* Activity *
Reproduce word for word the line holding "Schöpfkelle holt etwas" and all lines after it in the data, through the end, leaving out pictures.

* Data below *
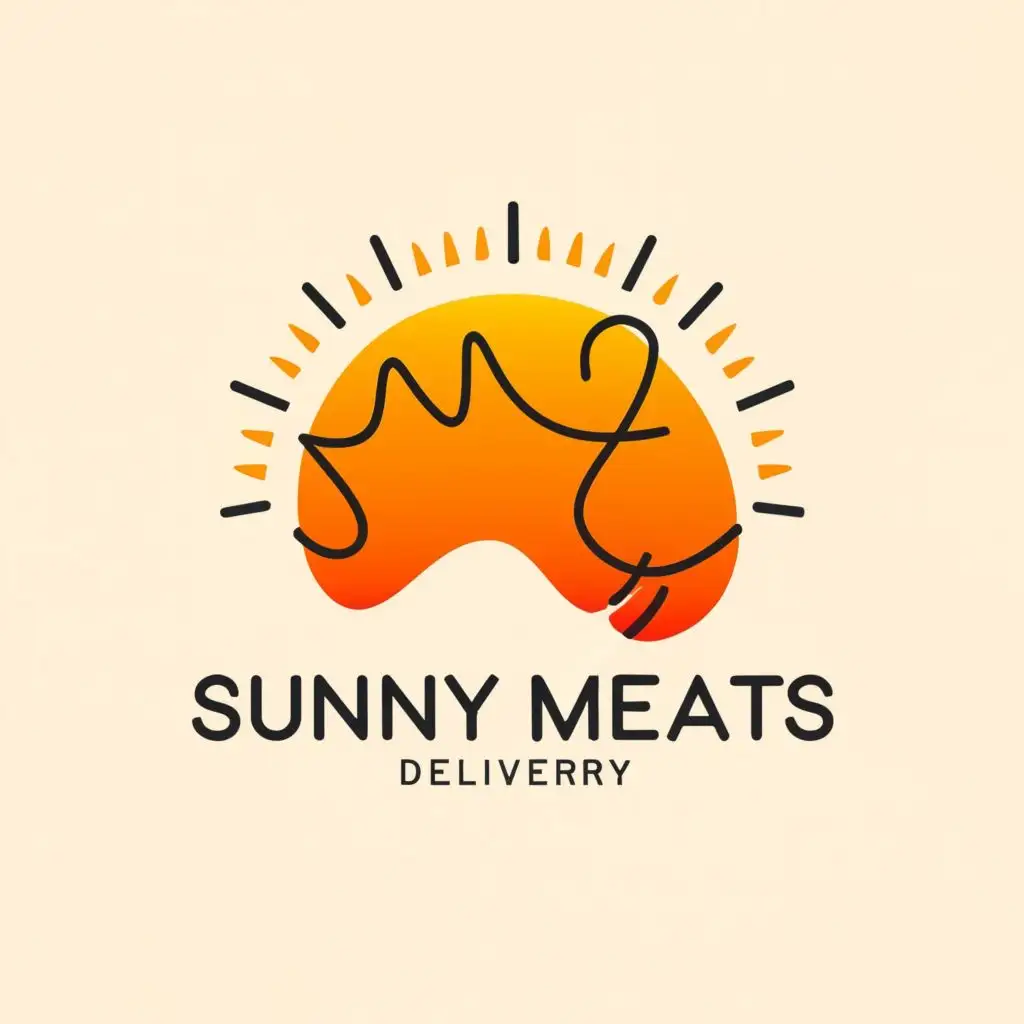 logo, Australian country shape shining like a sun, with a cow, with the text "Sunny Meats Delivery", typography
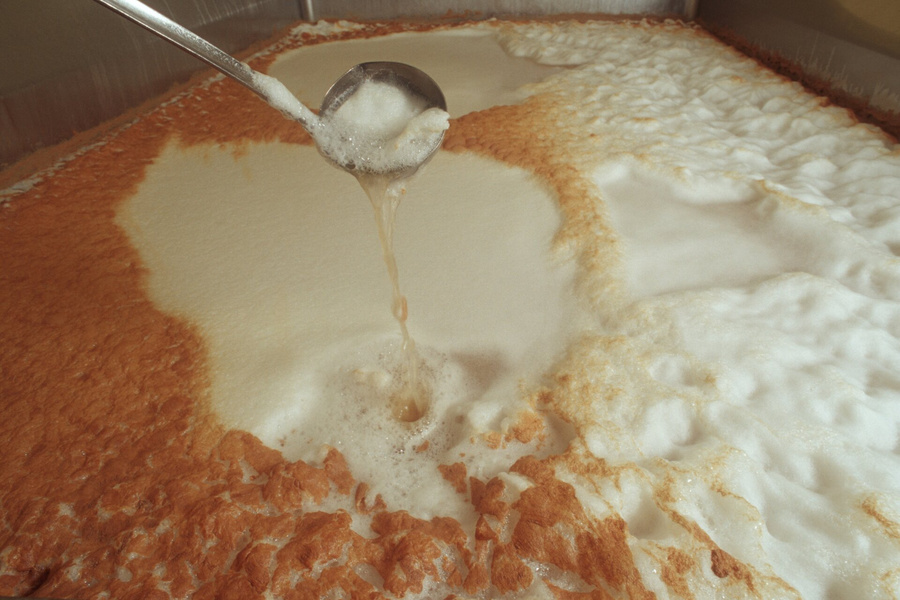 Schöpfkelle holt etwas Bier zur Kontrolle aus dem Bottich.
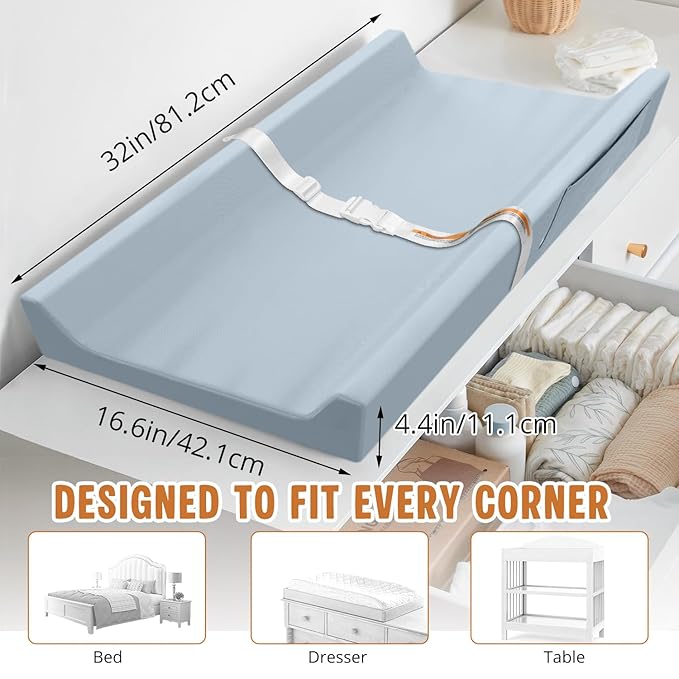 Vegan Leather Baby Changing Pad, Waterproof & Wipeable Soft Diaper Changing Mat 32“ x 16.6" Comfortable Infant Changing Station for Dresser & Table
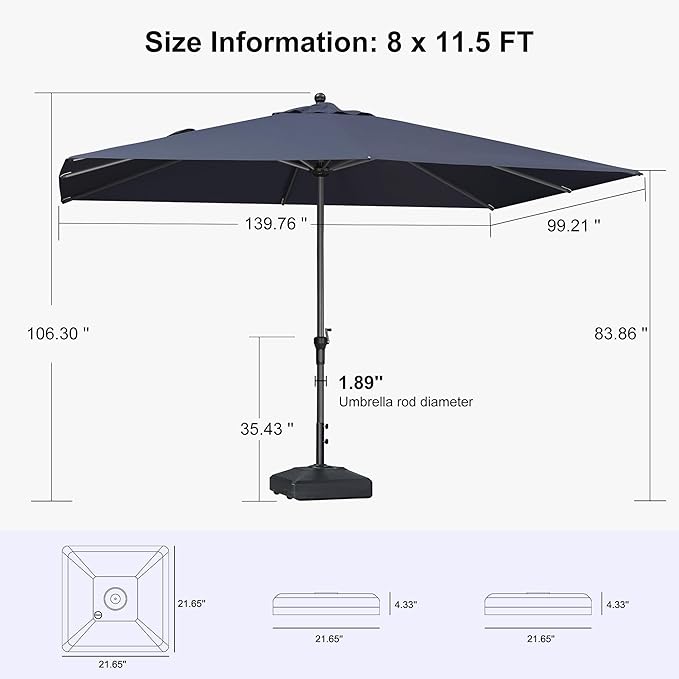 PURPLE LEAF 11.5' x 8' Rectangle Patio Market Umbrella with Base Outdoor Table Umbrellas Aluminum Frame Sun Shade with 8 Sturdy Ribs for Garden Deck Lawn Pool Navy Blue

* Solution for this problem *
 Schöpfkelle holt etwas Bier zur Kontrolle aus dem Bottich.
 Vegan Leather Baby Changing Pad, Waterproof & Wipeable Soft Diaper Changing Mat 32“ x 16.6" Comfortable Infant Changing Station for Dresser & Table
 PURPLE LEAF 11.5' x 8' Rectangle Patio Market Umbrella with Base Outdoor Table Umbrellas Aluminum Frame Sun Shade with 8 Sturdy Ribs for Garden Deck Lawn Pool Navy Blue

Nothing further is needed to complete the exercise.